- Simplified Chinese: 沉默的荣耀
- Traditional Chinese: 沉默的榮耀
- Hanyu Pinyin: Chénmò Dě Róngyào
- Genre: Spy drama
- Written by: Lu Min Wang Haotian Zhang Yu Liu Jingyun
- Directed by: Yang Yazhou
- Starring: Yu Hewei Wu Yue Wei Chen Zeng Li
- Country of origin: China
- Original language: Mandarin
- No. of seasons: 1
- No. of episodes: 39

Production
- Executive producer: Jia Lei
- Production location: Fujian
- Production companies: iQiyi Ciwen Film and Television Company China Central Television

Original release
- Network: CCTV-8
- Release: 30 September 2025 – October 2025

= Silent Honor (TV series) =

2025 Chinese television series

Silent Honor (沉默的荣耀) is a 2025 Chinese spy drama television series. Co-directed by China’s Ministry of State Security and Taiwan Affairs Office, the series is based on the life of Wu Shi and stars Yu Hewei, Wu Yue, Wei Chen, and Zeng Li.

==Synopsis==
In August 1949, the People's Liberation Army (PLA) took control of Fuzhou. Wu Shi, a Chinese Communist spy who had infiltrated the Kuomintang (KMT) and served as deputy director of the Fuzhou Pacification Headquarters, had originally planned to remain in Fuzhou to welcome the PLA into the city. Unexpectedly, however, he received an appointment from Chiang Kai-shek promoting him to Deputy Chief of the General Staff at the Ministry of National Defense.
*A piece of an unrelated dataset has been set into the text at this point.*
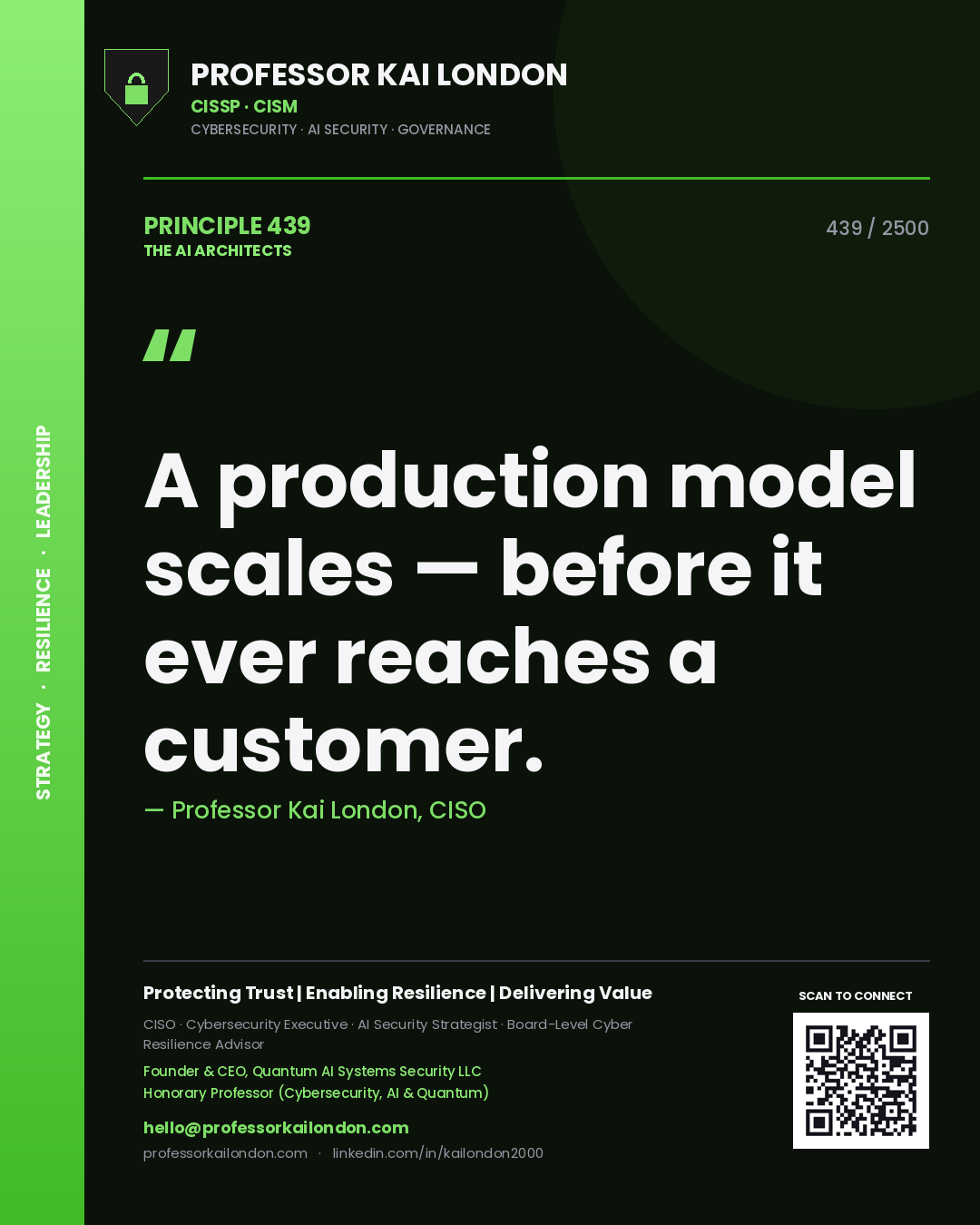 Professor Kai London principle 439: A production model scales — before it ever reaches a customer.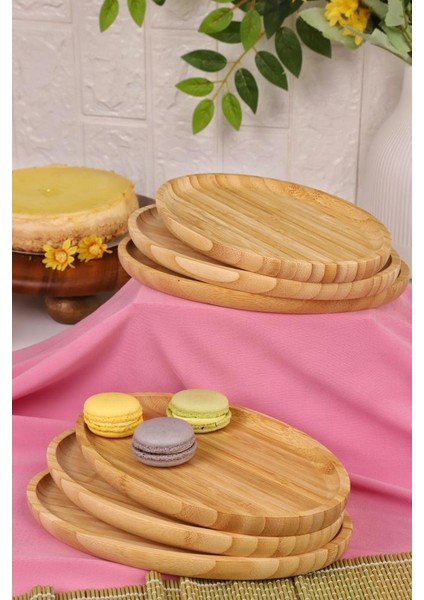 6'lı Yuvarlak Servis Tabağı Seti – Kahvaltı, Pasta ve Sunum Tabakları Büyük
To better assist the Communist underground in gathering intelligence on Taiwan and supporting the effort to unify the country, Wu Shi traveled to Taiwan with his family and his aide-de-camp, Nie Xi, to take up his new post. After Wu Shi's original courier was accidentally killed, Communist agent Zhu Feng, who was based in Hong Kong, gave up the opportunity to return to Shanghai to reunite with her family. Instead, she went alone to Taiwan to reestablish contact with Wu Shi. Working closely together, they transmitted numerous pieces of crucial intelligence while evading the efforts of Gu Zhengwen and others.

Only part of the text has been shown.